Jeder Mensch braucht aber eine Rückmeldung zum eigenen Tun. Lob. Anerkennung. Wir leben nicht im luftleeren Raum und können nicht im Trüben navigieren. Das ist eine besondere Anforderung, ist es doch im sozialen Miteinander und evolutionär völlig unabdingbar, den eigenen Standpunkt, die Strategien und das Verhalten im Miteinander zu verorten.

Das treibt komische Blüten.

Eine kleine Geschichte dazu: Sybille ist Qualitätsmanagementbeauftragte und bespricht mit ihrer Führungskraft die neusten Änderungen im Qualitätsmanagement-Handbuch. Plötzlich beginnt der überdimensionale Kaffeepot ihrer Chefin zu fallen. Der Pot hat schon fast eine Eimerform und hilft, immer den maximalen Anteil des Kaffees abzuschöpfen. Um ihn voll zu machen, muss Bernadette – die Führungskraft von Sybille – bestimmt fünf- oder sechsmal auf die Kaffeetaste des Automaten drücken. Sie macht den Eimer nicht immer voll, das würde zu lange dauern. Aber es kommt vor. Naja, Bernadette bemerkt den fallenden Pot.
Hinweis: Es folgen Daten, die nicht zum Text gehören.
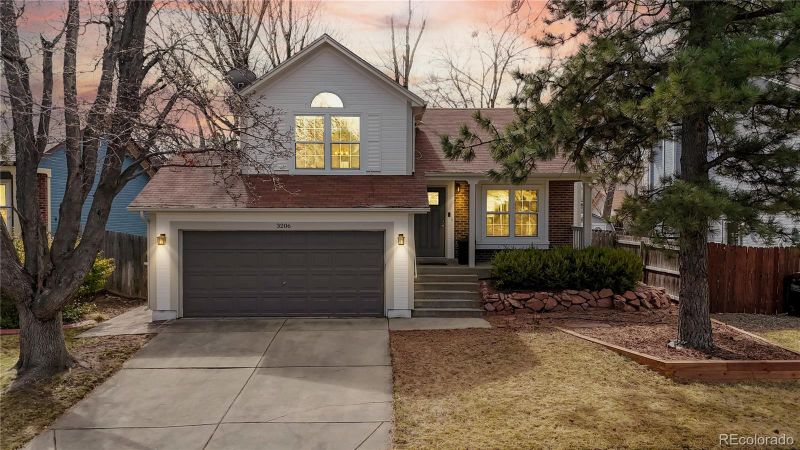 3206 Columbine Ct, Broomfield, CO 80020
Nur ihre Augen bewegen sich um wenige Millimeter nach rechts und nach unten. Sybille sieht die Augenbewegungen. Die rechte Hand von Bernadette schnellt wie die Zunge eines Chamäleons unter den Pot und stemmt ihn in letzter Sekunde wieder in die vertikale Position. Nur ein kleiner Schwapp fliegt über den Rand der Tasse und landet auf dem Tisch. Bernadette lächelt selbstgefällig und wischt mit der Handfläche den nassen Fleck weg. Sichtlich stolz auf Ihre blitzschnelle Reaktion sagt sie: „Ich hatte schon immer ganz besondere Reflexe.“ Bitte? Was? Sybille lässt das im Gedanken nachwirken und fragt sich, wie und was sie darauf antworten soll. Ja, du könntest eine Büroklammer auffangen, wenn Sie droht auf dem Boden zu landen. Boah! Unglaubliche Leistung. Du bist meine fachlich Vorgesetzte. Ich will mit dir die neusten Änderungen der DIN ISO 9001 besprechen. Sybille sagt nichts und kommt zurück zu Thema.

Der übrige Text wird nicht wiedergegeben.